The dinners will not be held at local restaurants as in past years. Linda Wedeen and her husband Steve Wedeen, chairman of the Vintage Albuquerque board of directors, are offering to host one of the dinners.
“We talked to a few restaurateurs that we know, but, you know, they’re hurting so bad I can’t ask them to donate stuff, and even if we pay cost for them, it’s still not the same,” Linda Wedeen said. “We don’t have a whole lot of money to pay costs for. We’re not going to have those types of dinners. Steve and I are going to offer a rarewine dinner at our home that people can bid on, and we’re going to get a guest chef. … A couple years ago, we did that and people really liked that.”

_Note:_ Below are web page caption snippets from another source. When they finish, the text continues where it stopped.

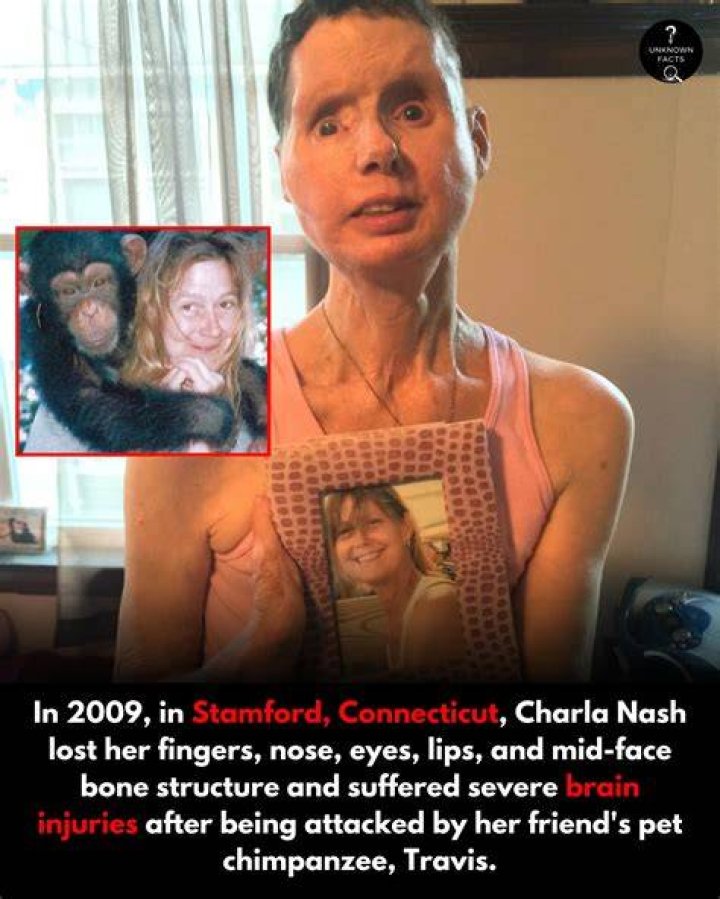  Charla Nash suffered horrific, life changing injuries from the attack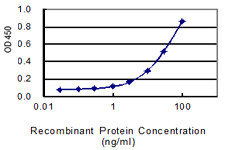 DDX60 Antibody in ELISA (ELISA)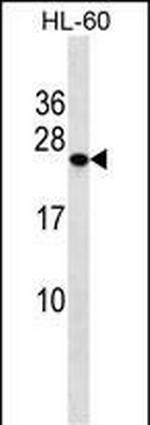 PCTP Polyclonal Antibody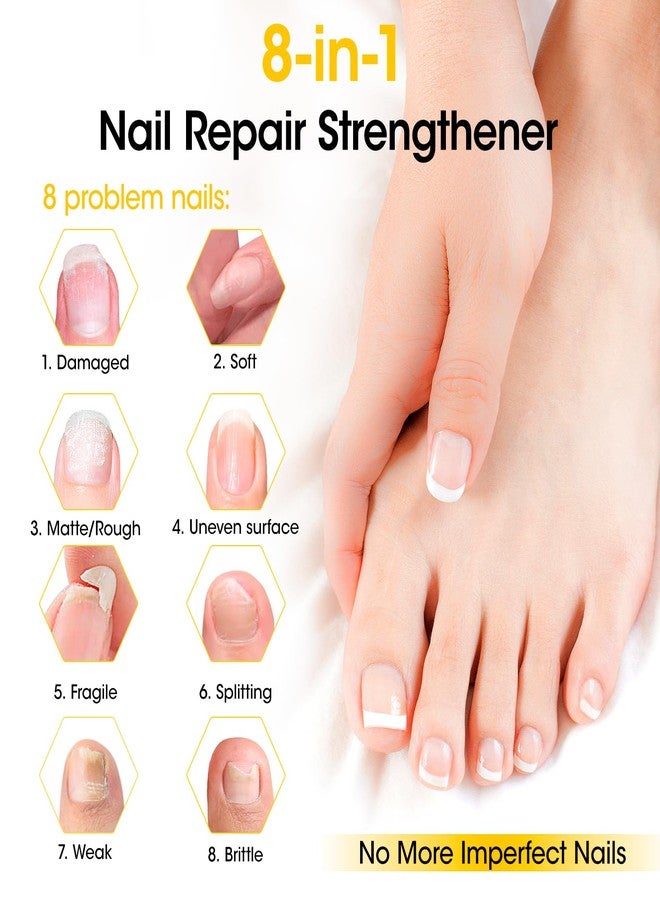 Gellen Pro Care Nail Strengthener, Ginger Serum Treatment, 8-IN-1 Air Dry Clear Nail Repair Growth Strengthener Calcium Keratin Nourish for Thin Damaged Nails Growth & Post-Removal Repair - Image 3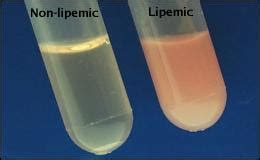 Pseudohyponatremia - Renal Fellow Network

This year’s proceeds benefit Explora Science Center & Children’s Museum of Albuquerque, Albuquerque Youth Symphony Program, Keshet Dance & Center for the Arts, Mariachi Spectacular de Albuquerque, National Institute of Flamenco and NDI-New Mexico. Vintage Albuquerque has raised more than $3 million in its 28-year history for arts education for New Mexico youths, according to the news release.
“We’re just doing the best we can to help out our beneficiaries, which is our primary mission, but also help out ourselves because we want to come back next year and say we’re doing this again,” Wedeen said. “We really want to show Albuquerque and New Mexico that we’re still here and our mission is to help these great beneficiaries, these organizations through their art for kids and help support them. COVID didn’t take away art. We don’t want it to.”